Sendo assim, nosso Sistema Jurídico foi todo moldado para prevenir e reparar os atos ilícitos, seja pela responsabilização subjetiva, seja pela objetiva.
Neste sentido, a atual Lei de Improbidade Administrativa, Lei nº 8.429/1992 adequa-se perfeitamente ao nosso ordenamento, uma vez que prevê responsabilização tanto pelo ato ímprobo doloso como culposo.
Nessa esteira de raciocínio, assenta-se que o Projeto de Lei n° 10.887/2018 (n° atual 2505/2021) trouxe alterações pertinentes neste ponto, pois revoga o art. 5º da redação original da Lei nº 8.429/1992, lançando fora a possibilidade de responsabilização por ação culposa.
Deste modo, a simples revogação deste artigo afasta a expressa previsão de recomposição do patrimônio público, por ação ou omissão, dolosa ou culposa, do agente ou de terceiro, bem como suprime por inteiro o necessário ressarcimento integral do dano.
Neste ponto, sublinha-se o art. 5º da LIA tem ligação indissociável com as disposições dos atos de improbidade constantes nos artigos 9º, 10º e 11º (redação original).
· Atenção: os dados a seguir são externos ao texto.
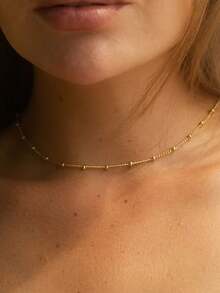 1pc Fashionable Minimalist Stainless Steel Ball Chain Necklace, Suitable For Daily Wear, Holidays, Birthday Gifts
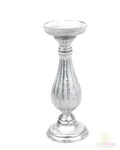 Dekor talpas gyertyatartó 28 cm - Fehér-ezüst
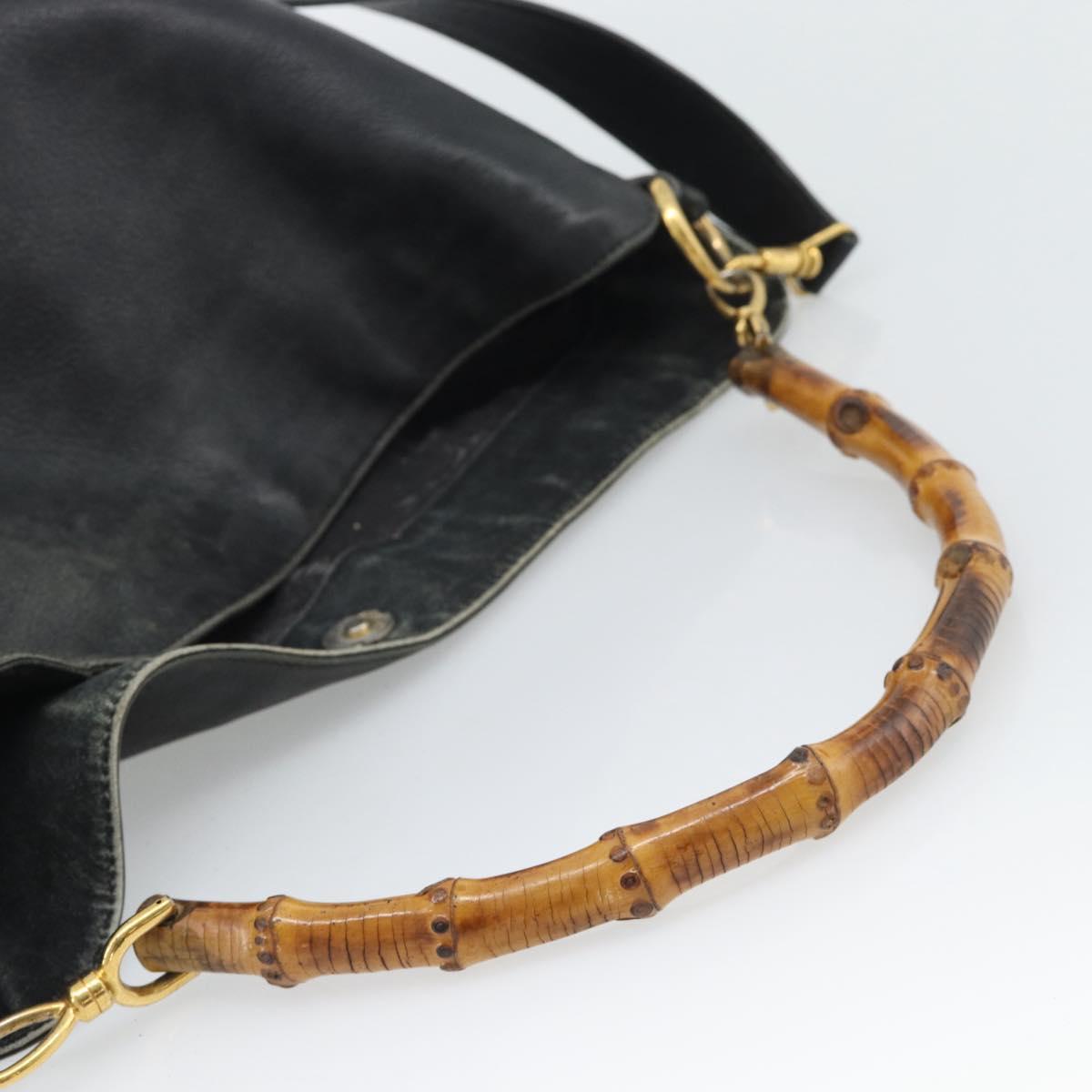GUCCI Bamboo Hand Bag Leather 2way Black Gold Tone 001 1577 2615 Auth gh2300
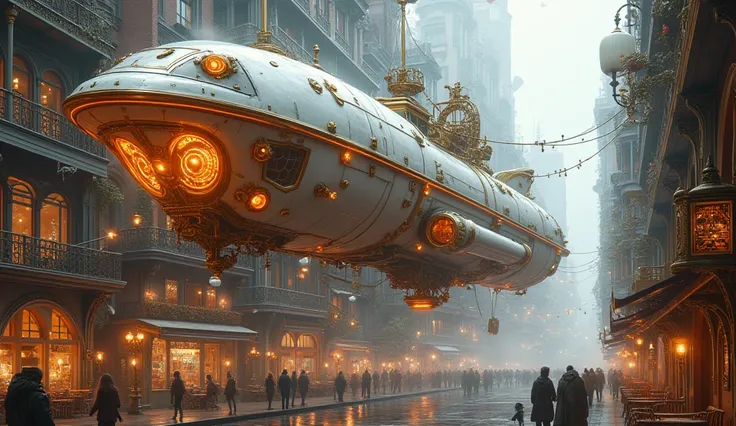 Luxurious steampunk airship with streamlined design in white with orange neon details. Steampunk airship hovers over the central street of a huge steampunk city. Multi-level buildings with cozy light in the windows. Amazing architecture luxurious white and...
No art. 9º (atos de improbidade administrativa que importam enriquecimento ilícito), sabe-se que a presença do elemento subjetivo é evidente, exigindo-se a comprovação do dolo, seja nas condutas comissivas ou omissivas. Bem como, nos arts. 10º-A (ato ímprobo de conceder/manter/aplicar benefícios tributários de forma indevida) e 11° (atos de improbidade administrativa que atentam contra os Princípios da Administração Pública) admite-se responsabilização pela ação ou omissão nos casos de conduta dolosa.
Já, no art. 10° (atos de improbidade administrativa que causam prejuízo ao Erário) admite-se a responsabilização pelo ato ímprobo seja ele doloso ou culposo.
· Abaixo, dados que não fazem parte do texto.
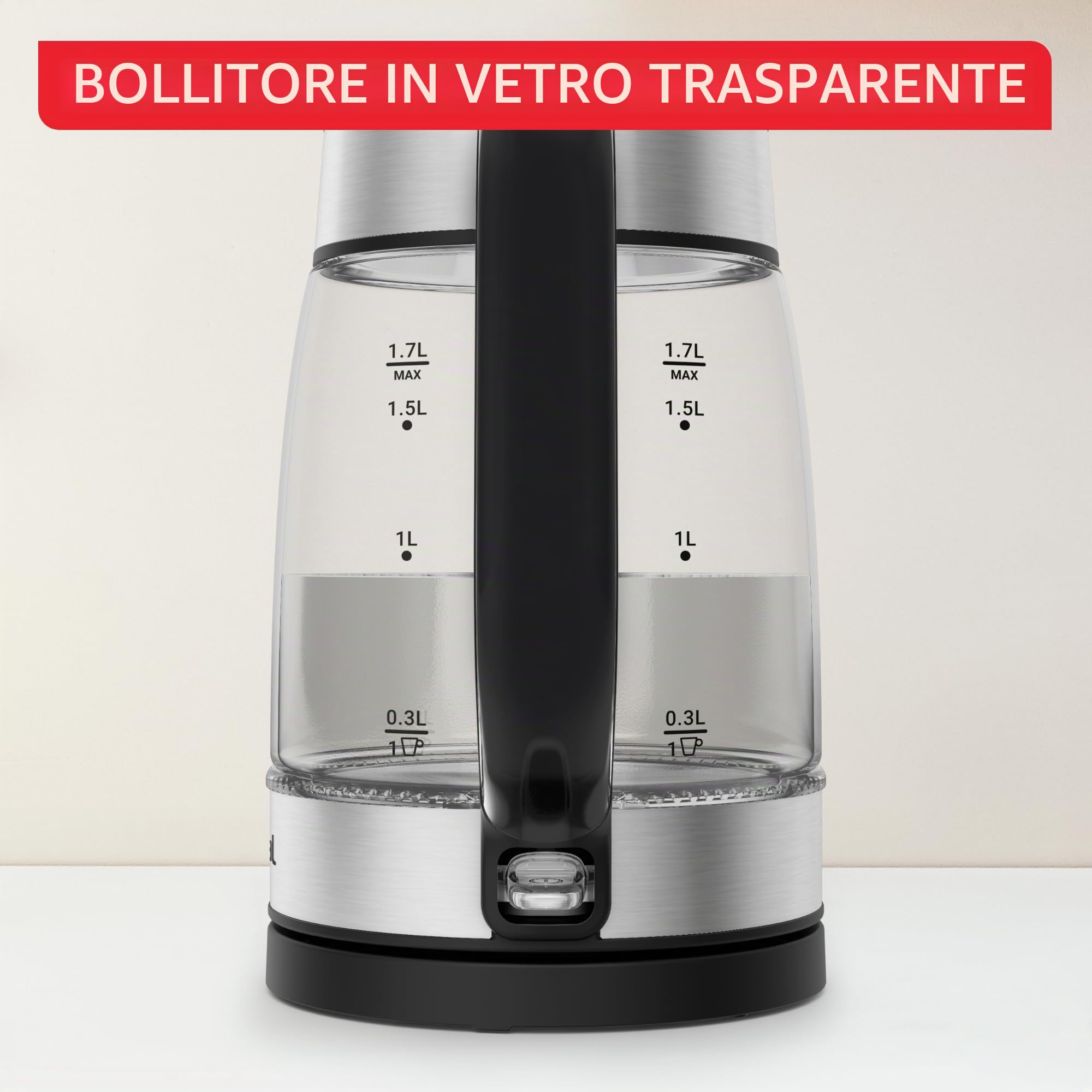Tefal Ki6058 - Bollitore elettrico in vetro, 1,7 litri, facile da pulire, colore: nero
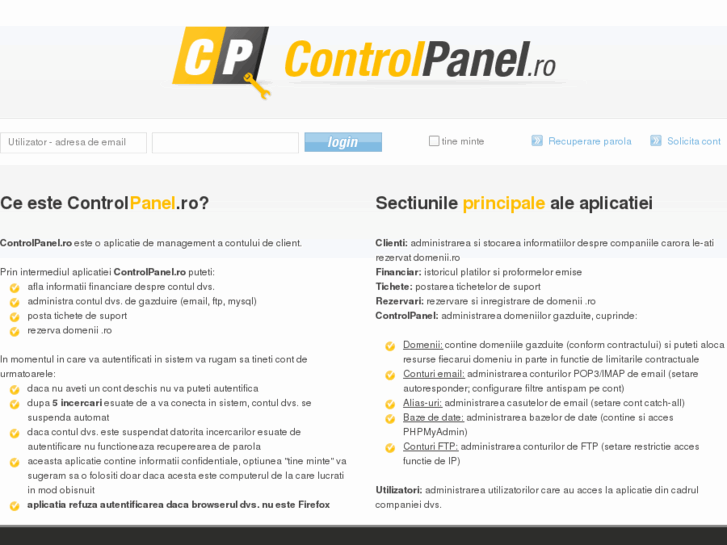 www.controlpanel.ro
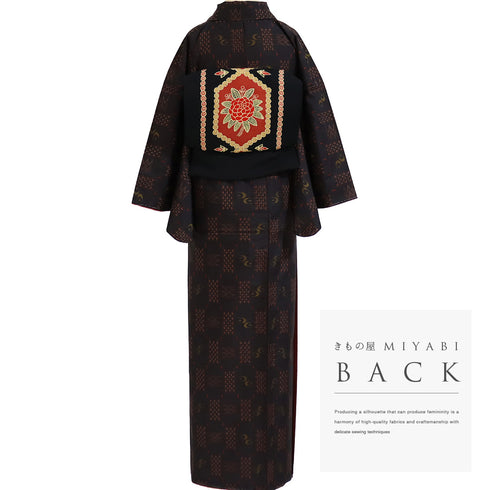 紬 リサイクル 身丈163.3cm 裄66.4cm 袷 伊勢崎絣 絣柄 ブラック Lサイズ お洒落 カジュアル 証紙 しつけ糸 正絹 広衿 Sランク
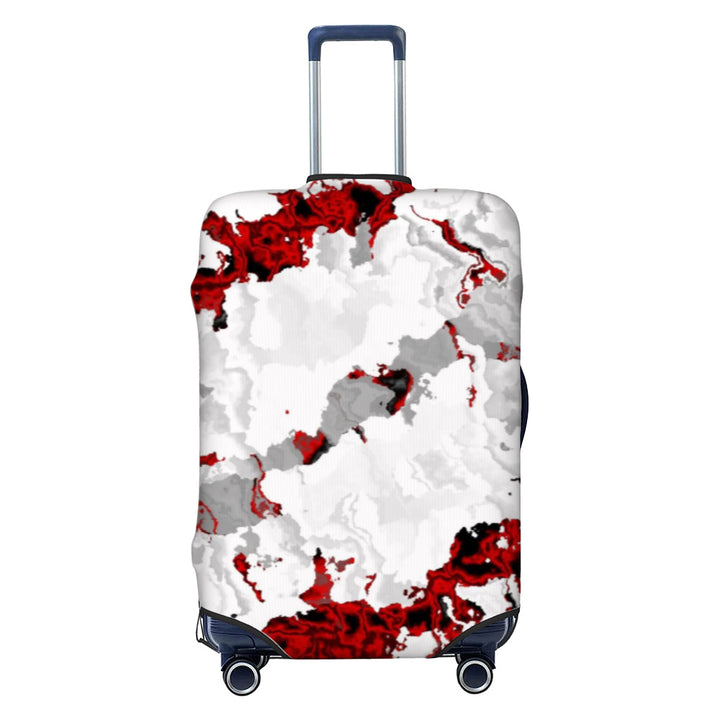 Unisex nan elastic luggage cover with geometric design, stretchable polyester-spandex fabric, zipper opening and non-slip inner securement for trolley Stornfield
Por conseguinte, observa-se que os mencionados artigos dialogam entre si, apontando ampla responsabilização pelos atos ímprobos e necessária reparação integral do dano e perda de bens auferidos ilegalmente (art. 6º).
Nesse ínterim, importa registrar ainda que há atos culposos que, na prática, possuem maior gravidade que atos dolosos, sobretudo em razão das repercussões que podem ocasionar. Por exemplo, a atuação negligente de um gestor, ao não prestar contas ao órgão concedente ou não apresentar documentação aos órgãos fiscalizadores e administrativos da União pode levar o Município a ficar inadimplente junto ao Governo Federal, impedindo-o de receber transferências voluntárias de outros entes da federação.
Sendo assim, as alterações propostas pelo Projeto de Lei n° 10.887/2018 contradizem a linha principal da redação original da LIA, pois extingue a modalidade culposa de ato de improbidade administrativa, enfraquecendo significativamente a intenção e a força deste normativo.